问题
There are other questions referring to this on Stack Overflow such as how-to-parse-a-string-and-return-a-nested-array?
But they all refer to lists in the format of ((abc)de(fg))). going to the form:[['a','b','c']'d','e'['f','g',]]] I have a list of the form:
((wordOneWord2)OtherWord(FinalWord)))
By using the methods I learnt from the other questions by nested list was of the form:
[['w','o','r','d','O','n','e','W','o','r','d','2']'O','t','h','e','r','W','o','r','d',['F','i','n','a','l','W','o','r','d']]]
rather than the desired
[['wordOneWord2'], 'OtherWord', ['FinalWord']]
I can achieve the desired result by parsing the list letter by letter and then concatenating the items within each list back together but it takes more code than I think necessary, is there a faster way of doing this?
回答1:
Based on this solution by falsetru:
import re
def parse_nested(text, left=r'[(]', right=r'[)]', sep=r','):
""" Based on https://stackoverflow.com/a/17141899/190597 (falsetru) """

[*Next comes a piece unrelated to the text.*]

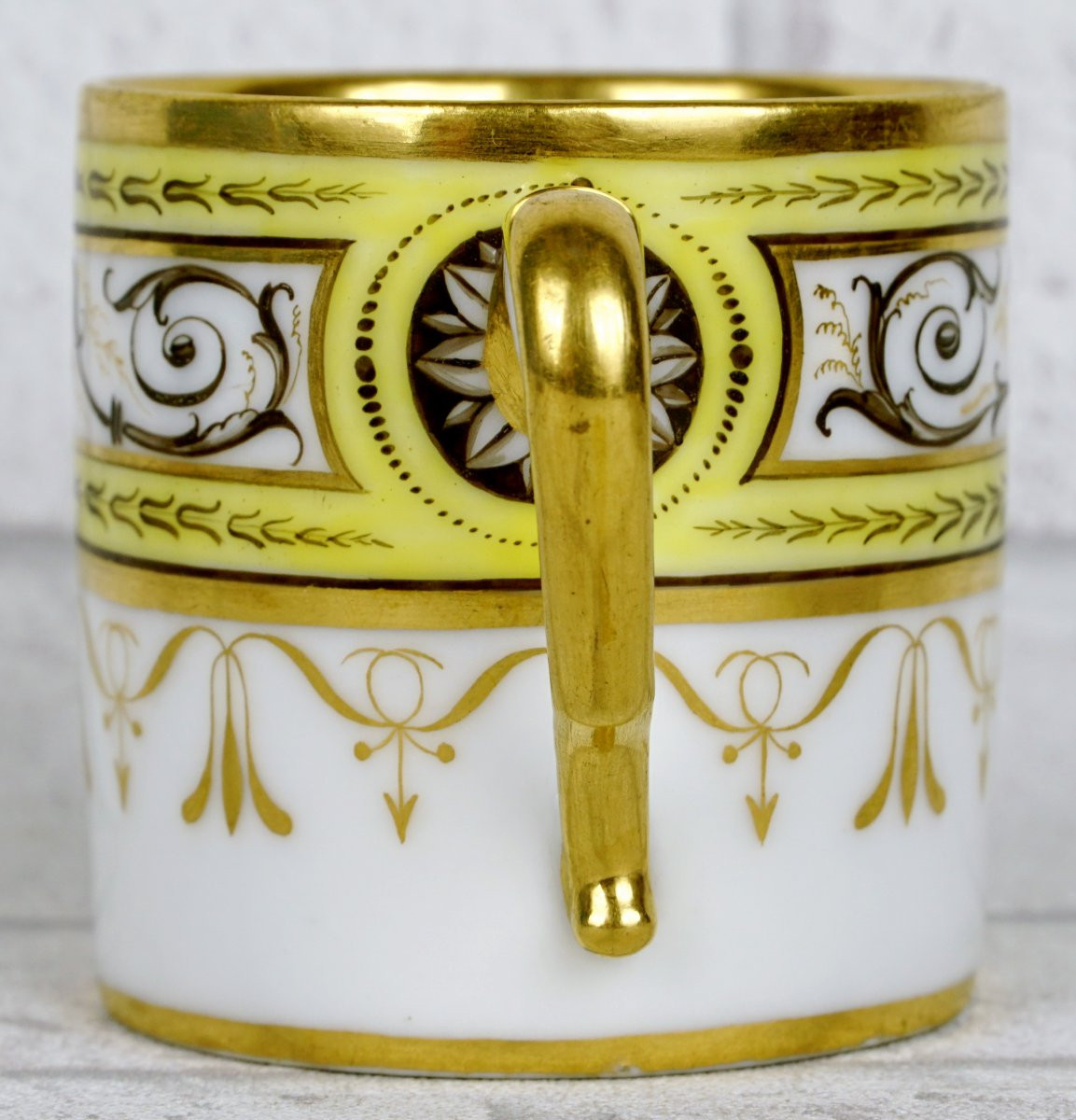 Cup And Saucer In Paris Porcelain - 18th Century-photo-3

pat = r'({}|{}|{})'.format(left, right, sep)
tokens = re.split(pat, text)
stack = [[]]
for x in tokens:
if not x or re.match(sep, x): continue
if re.match(left, x):
stack[-1].append([])
stack.append(stack[-1][-1])
elif re.match(right, x):
stack.pop()
if not stack:
raise ValueError('error: opening bracket is missing')
else:
stack[-1].append(x)
if len(stack) > 1:
print(stack)
raise ValueError('error: closing bracket is missing')
return stack.pop()
text = '((wordOneWord2)OtherWord(FinalWord))'
print(parse_nested(text))
# [[['wordOneWord2'], 'OtherWord', ['FinalWord']]]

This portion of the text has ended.